In a new report, the company has determined that “in order for a prostitute to earn as much as a Sugar Baby, she would need to put in 25x the effort, and put herself at a serious risk of personal safety and mental and physical health,” according to a press release. Seeking Arrangements makes the following calculations: “The average Sugar Baby dates one to three men annually, receiving an average yearly allowance of approximately $36,000. If a prostitute makes on average $250 per transaction, she would have to have sex with presumably 100 men, performing over 144 sexual transactions.”
OK, where do we start? There’s the simple problem of grouping together all forms of prostitution -- or all forms of prostitution that don’t take place on SeekingArrangements.com -- when the services, transaction fees, forms of payment, workers, clientele and associated threat of violence can vary greatly. Then there’s the fact that the sugar baby income is based on not only cash handed over but expenses paid (which could include expensive dinners sat through with pretty undesirable company). Calculating the cost/benefit of such things is more complicated, and individual, than Seeking Arrangements suggests -- and maybe, just maybe, better trusted to more objective researchers.
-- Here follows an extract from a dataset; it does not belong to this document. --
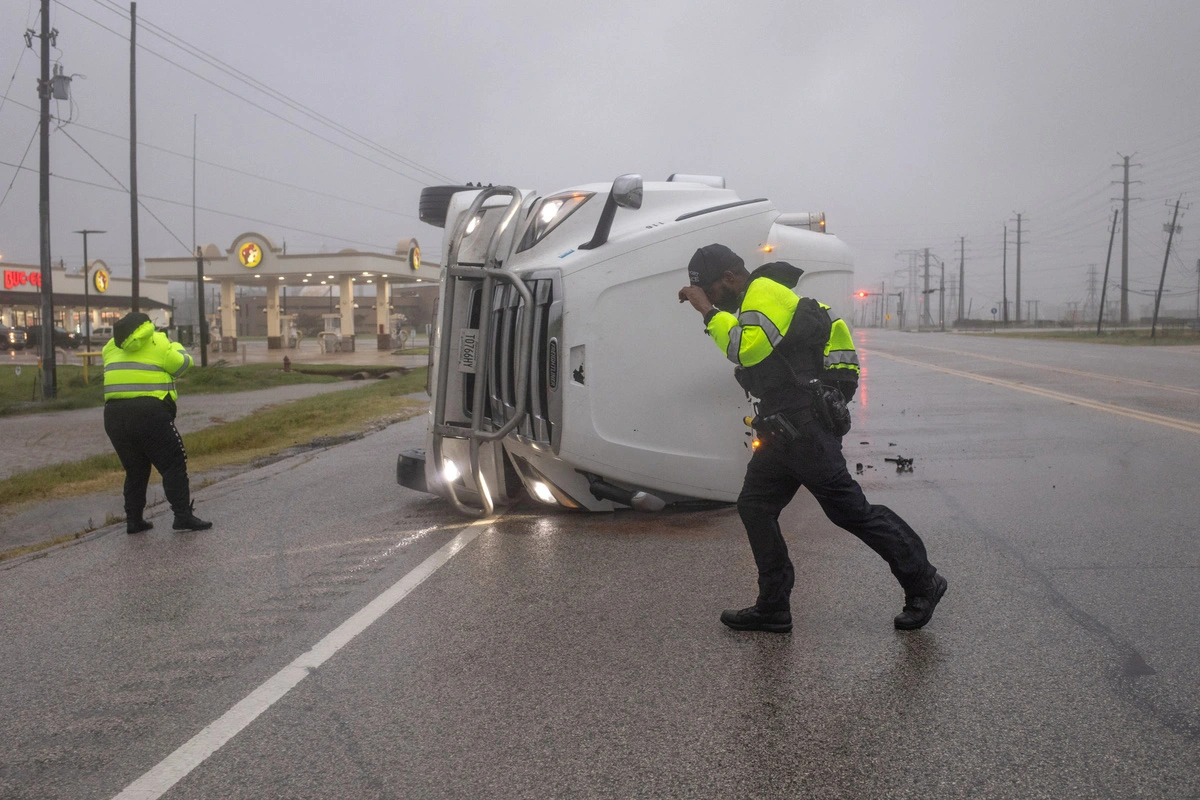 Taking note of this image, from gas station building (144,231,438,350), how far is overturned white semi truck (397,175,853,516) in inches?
1673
Sarah Elspeth Patterson, founding organizer of Persist Health Project, a health organization supporting sex workers, takes issue with the report's claim that "having sex with strangers puts a prostitute at a great risk of contracting a sexually transmitted disease or infection." Patterson explains, "Having sex with strangers does not put people in the sex trade at any greater risk of contracting a sexually transmitted disease or infection than the general population" -- although having a greater number of partners in general does increase the associated STI risk -- and she notes that prostitutes are often very familiar with safer sex practices as their jobs depend on it. And in response to the press release's claim that sex workers are at greater risk of violence, Patterson argues that "harmful laws expose sex trade workers to victimization, through both sexual and physical violence, as well as the institutional violence of being afraid to talk to medical professions about their experience or report an assault to the police."
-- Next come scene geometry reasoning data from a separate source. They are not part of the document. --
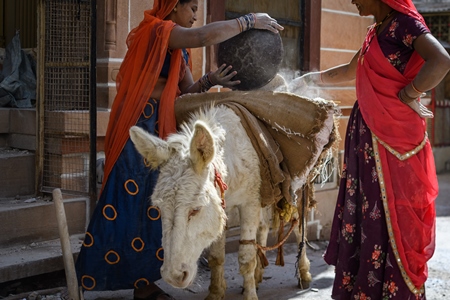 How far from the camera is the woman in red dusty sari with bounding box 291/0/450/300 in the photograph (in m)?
3.64

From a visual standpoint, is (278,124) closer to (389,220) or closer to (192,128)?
(192,128)

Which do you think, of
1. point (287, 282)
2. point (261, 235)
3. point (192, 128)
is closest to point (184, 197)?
point (192, 128)

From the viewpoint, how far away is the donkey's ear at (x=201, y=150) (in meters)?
3.40

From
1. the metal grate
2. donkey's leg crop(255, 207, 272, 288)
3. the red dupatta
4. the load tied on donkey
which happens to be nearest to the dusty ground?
donkey's leg crop(255, 207, 272, 288)

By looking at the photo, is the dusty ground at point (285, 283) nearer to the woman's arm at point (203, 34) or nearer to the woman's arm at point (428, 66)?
the woman's arm at point (203, 34)

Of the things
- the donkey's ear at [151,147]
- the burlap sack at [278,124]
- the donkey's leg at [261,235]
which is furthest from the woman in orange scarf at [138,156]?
the donkey's leg at [261,235]

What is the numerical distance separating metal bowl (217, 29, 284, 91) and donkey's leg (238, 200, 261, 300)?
0.91 metres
But to the real point of Seeking Arrangement's press release: The company is attempting to not-so-subtly distance itself from the vast spectrum of sex-for-money services that we sometimes call prostitution. The press release email's subject line? "Sugar Babies are Not Whores." It certainly isn’t the first time the company's tried this, but it is perhaps its most blatant attempt at marketing itself for these recessionary times. (Next, I fully expect to see Seeking Arrangements showing up at college job fairs.) Patterson isn't surprised by the attempt to banish the p-word: "The term 'prostitution' is very historically loaded and the behaviors that fall within that category are varied and diverse," she says. "Being involved in sexual exchange for money, goods or services is very specific to the person who is engaging in it and can only truly be defined by their individual experience."